Problem statement:
An exact transcription of the entries is required, with no images included.

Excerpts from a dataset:

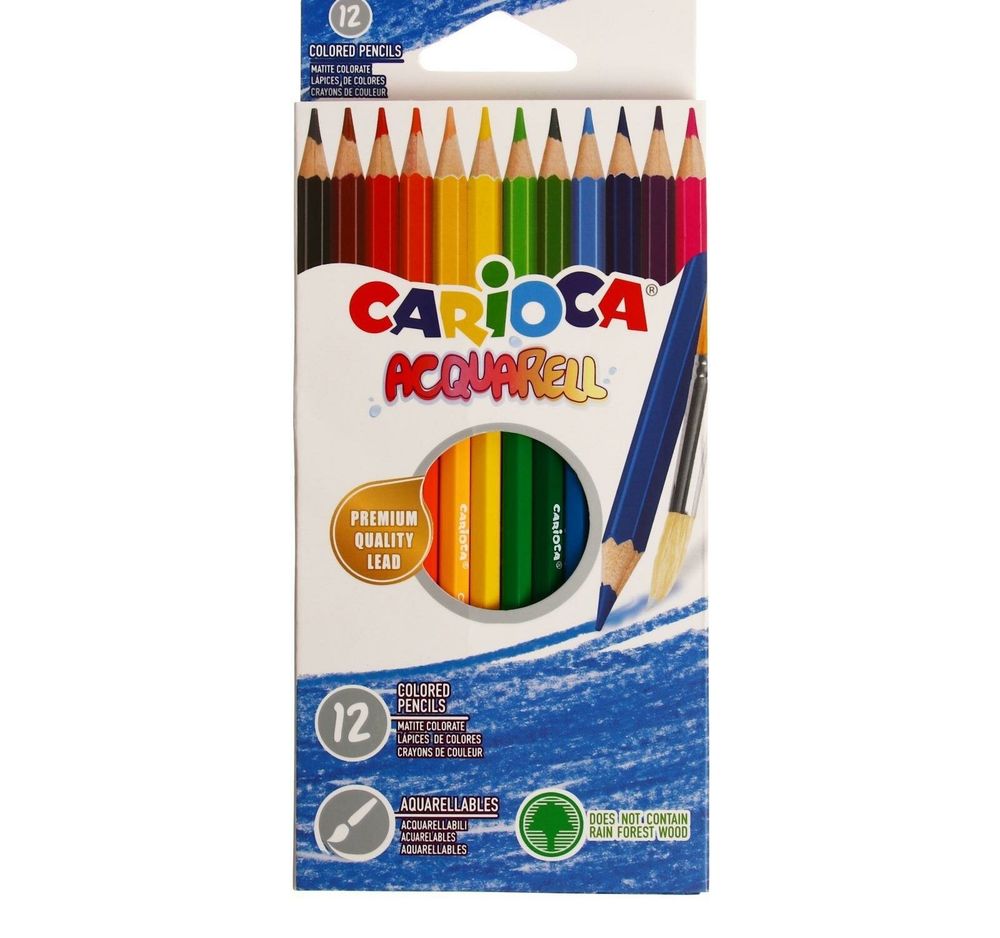 Карандаши цветные акварельные CARIOCA "Acquarell", 12 цветов, шестигранные, заточенные, 42857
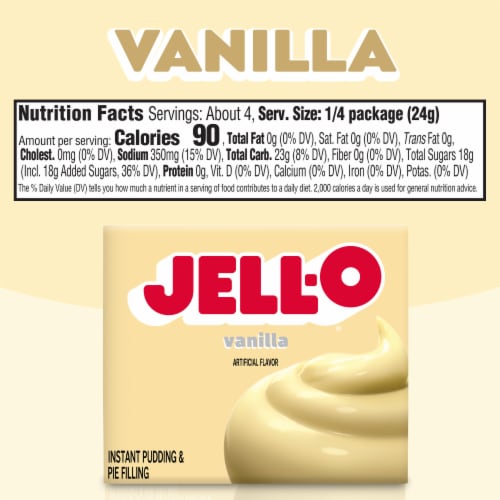 Jell-O Vanilla Instant Pudding & Pie Filling Mix Perspective: bottom
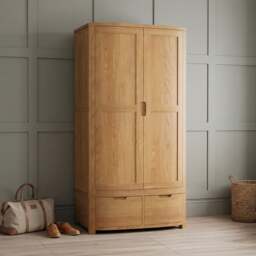 Somerton Curved Solid Oak Double Wardrobe
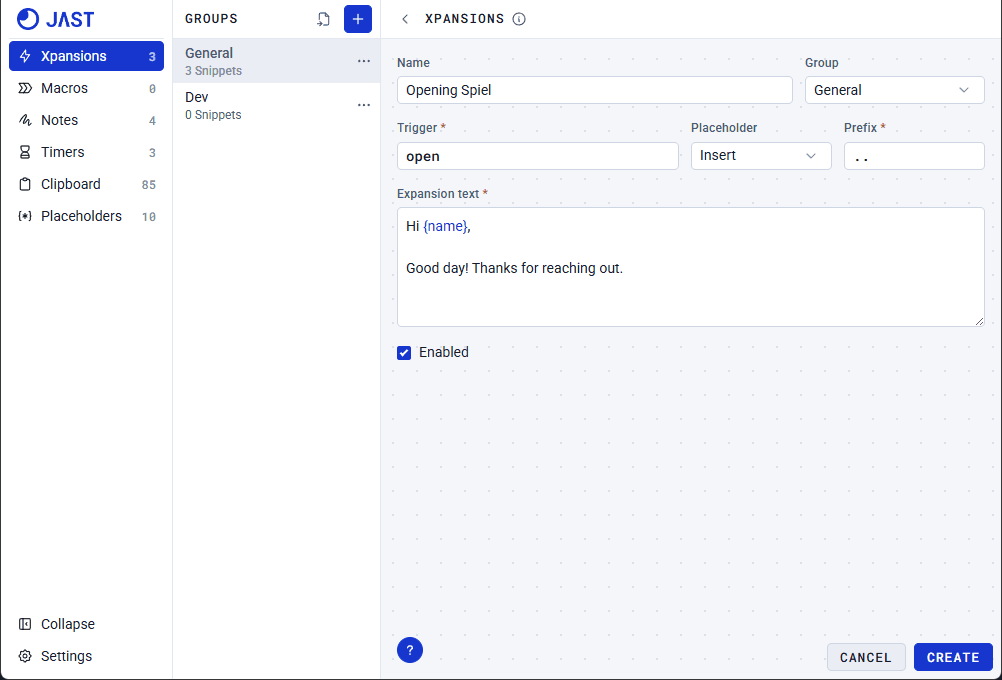 Adding a Placeholder inside an Xpansion
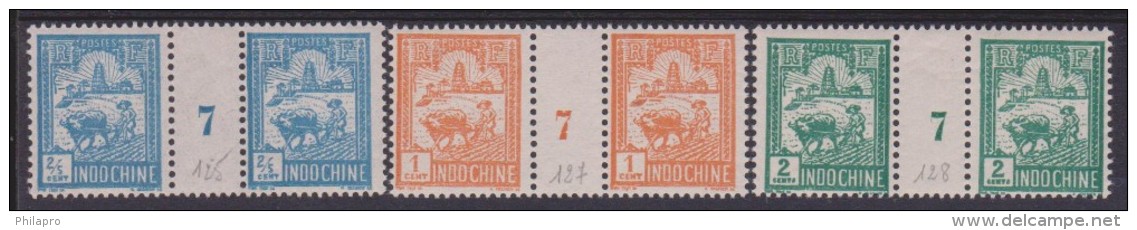 INDOCHINE  MILLESIMES 7 SUR   YVERT N° 125+127+128  **MNH  Réf 5957 - Unused Stamps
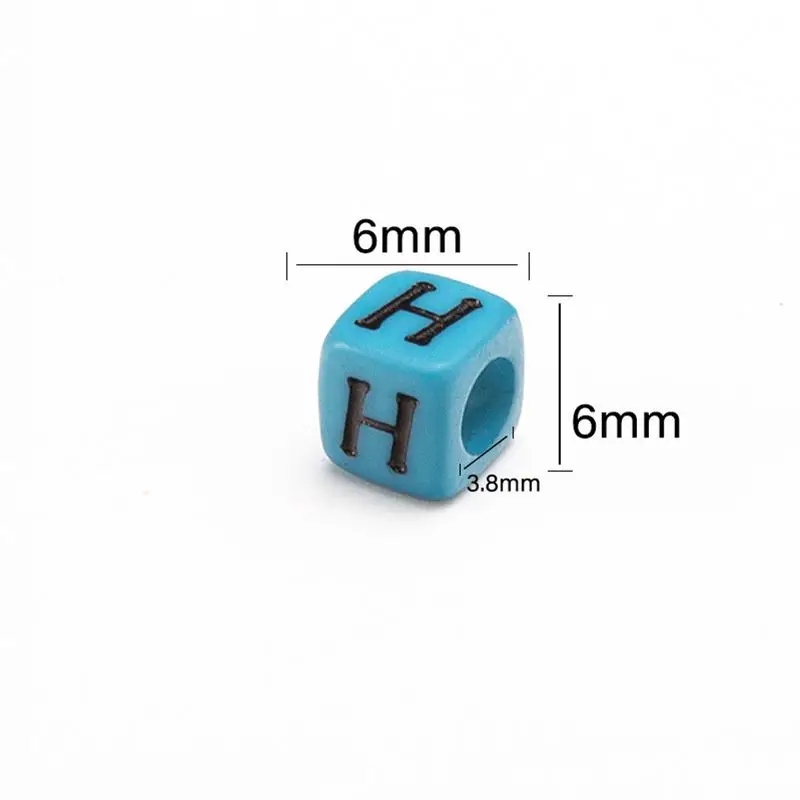AC1174 500g/bag 6MM Russian Letter Acrylic Beads Square Russia Alphabet Cube Loose Spacer Beads For DIY Jewelry Making Bracelet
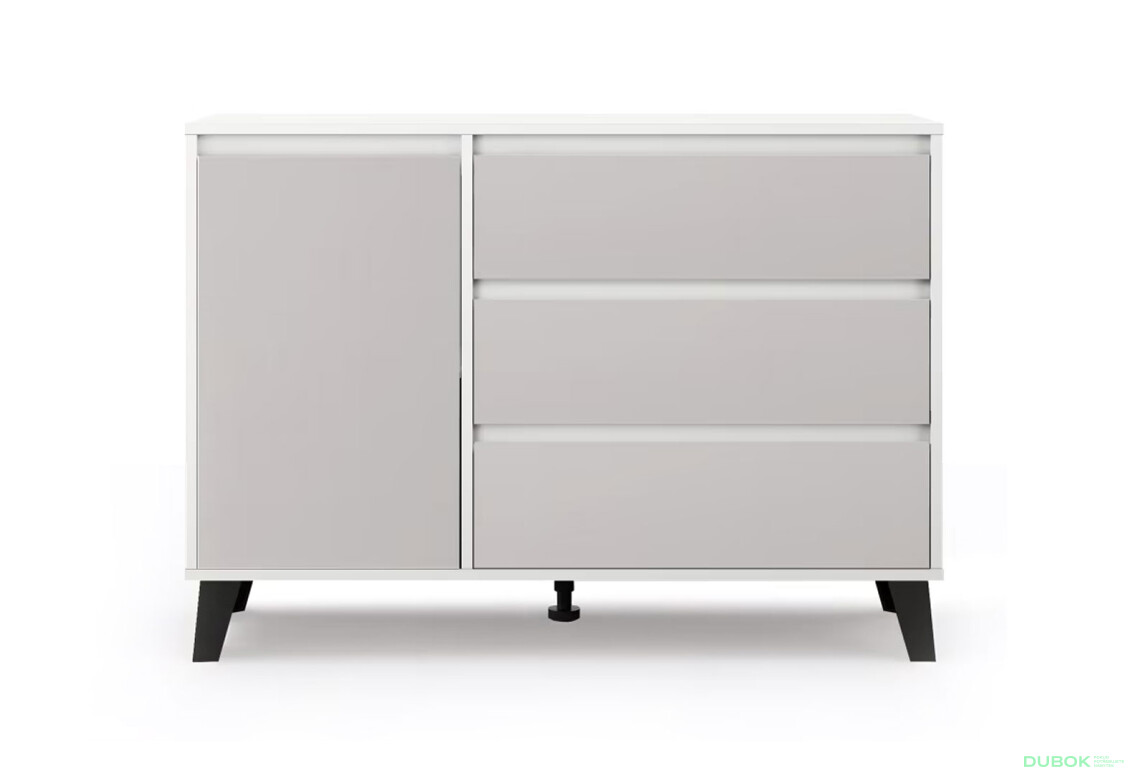 Fotografie 2 - Komoda Borg 1d3s bílá / kašmír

Output:
 Карандаши цветные акварельные CARIOCA "Acquarell", 12 цветов, шестигранные, заточенные, 42857
 Jell-O Vanilla Instant Pudding & Pie Filling Mix Perspective: bottom
 Somerton Curved Solid Oak Double Wardrobe
 Adding a Placeholder inside an Xpansion
 INDOCHINE  MILLESIMES 7 SUR   YVERT N° 125+127+128  **MNH  Réf 5957 - Unused Stamps
AC1174 500g/bag 6MM Russian Letter Acrylic Beads Square Russia Alphabet Cube Loose Spacer Beads For DIY Jewelry Making Bracelet
 Fotografie 2 - Komoda Borg 1d3s bílá / kašmír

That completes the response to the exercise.